Recap: In This Issue!
- AI Convergence and Market Evolution
- AI is reshaping industries in three phases: enhancing current sectors, enabling emerging technologies (IoT, AR/VR), and foundationally transforming markets with new industries like robotics and brain-computer interfaces.
- Full AI ecosystem maturation expected over 30 years, with near-term focus on existing markets and mid-term expansion into complementary technologies.
- Agentic AI and Work Redefinition
- Autonomous AI agents revolutionize workflows, excelling in reasoning and planning for supply chains, HR, and customer service.
- Tools like Microsoft Copilot democratize agent creation; future trends include integrated AI teams working under human oversight.
- Generative AI Mainstreaming
- Generative AI drives creative industries (media, marketing, design), poised to generate $1.3 trillion by 2032.
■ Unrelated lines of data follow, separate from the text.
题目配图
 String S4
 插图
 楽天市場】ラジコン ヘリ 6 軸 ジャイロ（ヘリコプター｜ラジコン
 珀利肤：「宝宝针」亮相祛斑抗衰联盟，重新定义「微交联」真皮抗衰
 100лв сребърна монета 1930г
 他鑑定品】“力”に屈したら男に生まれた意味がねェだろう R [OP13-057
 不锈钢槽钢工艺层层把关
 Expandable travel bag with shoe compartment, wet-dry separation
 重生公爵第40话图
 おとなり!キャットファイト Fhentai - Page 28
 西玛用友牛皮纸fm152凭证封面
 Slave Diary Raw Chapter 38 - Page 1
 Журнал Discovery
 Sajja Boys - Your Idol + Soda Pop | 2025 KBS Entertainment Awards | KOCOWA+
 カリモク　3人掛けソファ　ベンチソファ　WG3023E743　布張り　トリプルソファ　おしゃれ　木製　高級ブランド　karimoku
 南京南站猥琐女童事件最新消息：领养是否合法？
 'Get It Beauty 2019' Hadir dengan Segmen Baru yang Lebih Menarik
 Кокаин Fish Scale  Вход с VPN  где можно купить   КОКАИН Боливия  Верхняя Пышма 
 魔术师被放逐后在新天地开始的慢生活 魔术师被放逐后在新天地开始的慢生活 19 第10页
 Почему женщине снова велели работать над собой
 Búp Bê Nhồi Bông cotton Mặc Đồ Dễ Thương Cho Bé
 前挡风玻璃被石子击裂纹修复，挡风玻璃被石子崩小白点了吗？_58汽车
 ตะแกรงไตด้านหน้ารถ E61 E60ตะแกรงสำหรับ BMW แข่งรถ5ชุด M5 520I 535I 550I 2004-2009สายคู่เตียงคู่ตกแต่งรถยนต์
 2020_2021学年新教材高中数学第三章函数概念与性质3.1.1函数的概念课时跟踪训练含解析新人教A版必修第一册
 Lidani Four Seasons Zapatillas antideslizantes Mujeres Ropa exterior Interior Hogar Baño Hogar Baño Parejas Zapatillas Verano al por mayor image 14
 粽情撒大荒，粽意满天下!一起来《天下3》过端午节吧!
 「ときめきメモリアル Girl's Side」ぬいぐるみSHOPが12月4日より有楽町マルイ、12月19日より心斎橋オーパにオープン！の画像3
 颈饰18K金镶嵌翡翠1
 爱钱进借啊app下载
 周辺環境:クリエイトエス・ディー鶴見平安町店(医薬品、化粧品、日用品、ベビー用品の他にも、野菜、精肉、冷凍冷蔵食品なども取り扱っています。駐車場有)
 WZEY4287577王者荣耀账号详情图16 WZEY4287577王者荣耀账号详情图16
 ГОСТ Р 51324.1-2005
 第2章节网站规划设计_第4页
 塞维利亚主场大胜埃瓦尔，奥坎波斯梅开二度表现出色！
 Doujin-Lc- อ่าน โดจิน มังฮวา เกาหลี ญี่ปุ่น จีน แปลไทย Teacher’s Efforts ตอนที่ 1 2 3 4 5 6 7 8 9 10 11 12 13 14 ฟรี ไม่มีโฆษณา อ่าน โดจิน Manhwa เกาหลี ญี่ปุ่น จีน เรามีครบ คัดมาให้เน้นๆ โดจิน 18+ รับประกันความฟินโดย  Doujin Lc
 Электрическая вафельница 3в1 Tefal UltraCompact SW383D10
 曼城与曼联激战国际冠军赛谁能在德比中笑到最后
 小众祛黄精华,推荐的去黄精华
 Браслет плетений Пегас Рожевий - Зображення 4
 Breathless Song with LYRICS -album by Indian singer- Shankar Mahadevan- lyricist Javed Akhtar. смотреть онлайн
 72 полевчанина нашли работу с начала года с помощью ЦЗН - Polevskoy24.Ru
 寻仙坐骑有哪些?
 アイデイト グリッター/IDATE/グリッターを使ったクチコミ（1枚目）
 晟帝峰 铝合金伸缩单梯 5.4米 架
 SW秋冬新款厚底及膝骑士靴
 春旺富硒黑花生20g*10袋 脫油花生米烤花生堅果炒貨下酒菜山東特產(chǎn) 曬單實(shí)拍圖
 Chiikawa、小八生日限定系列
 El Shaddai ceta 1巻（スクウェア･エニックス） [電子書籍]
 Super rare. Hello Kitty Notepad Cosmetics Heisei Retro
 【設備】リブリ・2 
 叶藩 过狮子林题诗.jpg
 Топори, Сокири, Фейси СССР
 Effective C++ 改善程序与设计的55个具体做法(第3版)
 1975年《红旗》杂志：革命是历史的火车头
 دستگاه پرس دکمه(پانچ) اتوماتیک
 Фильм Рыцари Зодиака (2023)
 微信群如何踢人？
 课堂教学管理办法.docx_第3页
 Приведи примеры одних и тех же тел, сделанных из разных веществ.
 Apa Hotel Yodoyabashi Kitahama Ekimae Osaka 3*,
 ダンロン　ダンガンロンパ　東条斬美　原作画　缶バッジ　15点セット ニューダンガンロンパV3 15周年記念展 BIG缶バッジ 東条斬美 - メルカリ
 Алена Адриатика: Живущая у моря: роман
- Enterprises adopt AI factories for transforming raw data into actionable insights, merging generative AI with real-time systems.
- Personalized AI and Enhanced Experiences
- AI companions with emotional intelligence personalize user interactions for productivity, decision-making, and well-being.
- Advances in query engines and digital brains empower users to manage unstructured data, boosting personalized decision-making.
- Infrastructure and AI Hardware Innovation
- AI data centers evolve with sustainable technologies like liquid cooling and renewable energy, addressing growing computational demands.
- The AI hardware paradigm shifts with competitors like Amazon challenging incumbents like NVIDIA.
- Quantum Computing Meets AI
- Integration accelerates advancements in error correction, materials science, and logistics, redefining computational possibilities.
- AI’s Impact on Specialized Industries
- AI-driven advancements optimize agriculture, healthcare, and engineering through tools like CAR-T therapy and physics-informed neural networks.
- Emergence of Multimodal Robotics and On-Device AI
- Humanoid robotics integrate vision, language, and dexterity, automating tasks in homes and industries.
- Efficient on-device AI enhances real-time, edge-based applications for consumer and industrial use.
- Decentralized and Autonomous Ecosystems
- Blockchain and decentralized systems empower AI for secure transactions and autonomous decision-making, enabling innovative business models.
- Future Hardware Trends
- Smartphones evolve into AI hubs; AI-native devices integrating AR and conversational interfaces expected to emerge.